:: PROBLEM DETAILS ::
Under this line are the records; write out word for word the part that begins at the line containing "About Thik Na Kailu Dil Tod Ke Song" and ends at the line containing "Pomeranian binder (Background)", and no more.

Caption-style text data
--------------------------------------------------

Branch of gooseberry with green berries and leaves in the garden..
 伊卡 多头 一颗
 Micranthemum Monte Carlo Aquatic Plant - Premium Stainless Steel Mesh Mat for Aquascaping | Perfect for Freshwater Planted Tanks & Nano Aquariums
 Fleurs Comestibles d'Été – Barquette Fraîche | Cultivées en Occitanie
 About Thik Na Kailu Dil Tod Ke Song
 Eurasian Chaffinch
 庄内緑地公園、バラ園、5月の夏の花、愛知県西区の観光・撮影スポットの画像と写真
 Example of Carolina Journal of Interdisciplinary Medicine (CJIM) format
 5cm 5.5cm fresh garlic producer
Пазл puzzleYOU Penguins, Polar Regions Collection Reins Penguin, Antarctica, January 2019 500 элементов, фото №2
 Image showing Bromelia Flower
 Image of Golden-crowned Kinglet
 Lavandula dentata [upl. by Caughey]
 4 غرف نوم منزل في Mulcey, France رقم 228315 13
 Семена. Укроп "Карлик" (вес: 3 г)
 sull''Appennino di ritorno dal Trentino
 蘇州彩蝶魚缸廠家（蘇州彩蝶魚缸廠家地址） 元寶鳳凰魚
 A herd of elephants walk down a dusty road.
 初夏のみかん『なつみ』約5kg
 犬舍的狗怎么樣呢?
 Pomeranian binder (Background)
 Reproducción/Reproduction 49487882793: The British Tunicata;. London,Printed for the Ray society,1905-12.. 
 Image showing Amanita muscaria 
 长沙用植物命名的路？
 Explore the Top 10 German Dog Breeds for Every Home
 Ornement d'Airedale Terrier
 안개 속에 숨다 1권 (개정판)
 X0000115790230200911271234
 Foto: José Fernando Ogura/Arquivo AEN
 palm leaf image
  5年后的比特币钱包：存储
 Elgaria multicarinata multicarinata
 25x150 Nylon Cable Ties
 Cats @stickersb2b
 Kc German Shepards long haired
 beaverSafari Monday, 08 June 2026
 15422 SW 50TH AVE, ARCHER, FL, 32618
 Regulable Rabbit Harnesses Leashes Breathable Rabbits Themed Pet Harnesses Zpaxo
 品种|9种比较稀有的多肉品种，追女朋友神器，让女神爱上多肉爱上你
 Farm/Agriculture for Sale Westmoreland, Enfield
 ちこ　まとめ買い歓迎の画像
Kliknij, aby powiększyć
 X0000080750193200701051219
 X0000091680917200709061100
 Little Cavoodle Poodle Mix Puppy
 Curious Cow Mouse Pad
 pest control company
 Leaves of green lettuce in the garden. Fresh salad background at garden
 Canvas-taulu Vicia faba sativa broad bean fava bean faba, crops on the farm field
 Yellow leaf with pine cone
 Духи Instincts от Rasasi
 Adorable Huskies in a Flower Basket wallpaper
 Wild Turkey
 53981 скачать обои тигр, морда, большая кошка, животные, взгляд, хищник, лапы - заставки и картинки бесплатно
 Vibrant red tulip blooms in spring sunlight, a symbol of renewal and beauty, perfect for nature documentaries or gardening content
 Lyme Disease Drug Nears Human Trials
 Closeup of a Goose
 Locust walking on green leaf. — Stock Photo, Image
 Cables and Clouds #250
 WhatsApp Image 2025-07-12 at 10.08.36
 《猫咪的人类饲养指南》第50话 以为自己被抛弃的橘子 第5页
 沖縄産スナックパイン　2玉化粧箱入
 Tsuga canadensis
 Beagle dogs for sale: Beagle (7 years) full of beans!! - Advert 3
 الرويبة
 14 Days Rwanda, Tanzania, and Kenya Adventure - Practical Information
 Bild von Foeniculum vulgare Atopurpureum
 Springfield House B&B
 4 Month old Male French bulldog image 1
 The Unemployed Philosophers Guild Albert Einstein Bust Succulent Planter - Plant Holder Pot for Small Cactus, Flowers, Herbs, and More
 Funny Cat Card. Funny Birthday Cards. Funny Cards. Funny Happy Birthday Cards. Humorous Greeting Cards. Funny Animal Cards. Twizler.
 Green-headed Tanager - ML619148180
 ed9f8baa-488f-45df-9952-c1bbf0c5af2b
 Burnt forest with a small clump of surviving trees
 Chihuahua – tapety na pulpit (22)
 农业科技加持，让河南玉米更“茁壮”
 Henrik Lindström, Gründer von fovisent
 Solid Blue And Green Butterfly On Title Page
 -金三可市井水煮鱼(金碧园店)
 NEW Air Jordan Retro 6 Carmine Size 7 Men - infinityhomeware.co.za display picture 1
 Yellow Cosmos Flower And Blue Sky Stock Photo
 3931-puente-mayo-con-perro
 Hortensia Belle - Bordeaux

--------------------------------------------------

:: YOUR SOLUTION ::
 About Thik Na Kailu Dil Tod Ke Song
 Eurasian Chaffinch
 庄内緑地公園、バラ園、5月の夏の花、愛知県西区の観光・撮影スポットの画像と写真
 Example of Carolina Journal of Interdisciplinary Medicine (CJIM) format
 5cm 5.5cm fresh garlic producer
Пазл puzzleYOU Penguins, Polar Regions Collection Reins Penguin, Antarctica, January 2019 500 элементов, фото №2
 Image showing Bromelia Flower
 Image of Golden-crowned Kinglet
 Lavandula dentata [upl. by Caughey]
 4 غرف نوم منزل في Mulcey, France رقم 228315 13
 Семена. Укроп "Карлик" (вес: 3 г)
 sull''Appennino di ritorno dal Trentino
 蘇州彩蝶魚缸廠家（蘇州彩蝶魚缸廠家地址） 元寶鳳凰魚
 A herd of elephants walk down a dusty road.
 初夏のみかん『なつみ』約5kg
 犬舍的狗怎么樣呢?
 Pomeranian binder (Background)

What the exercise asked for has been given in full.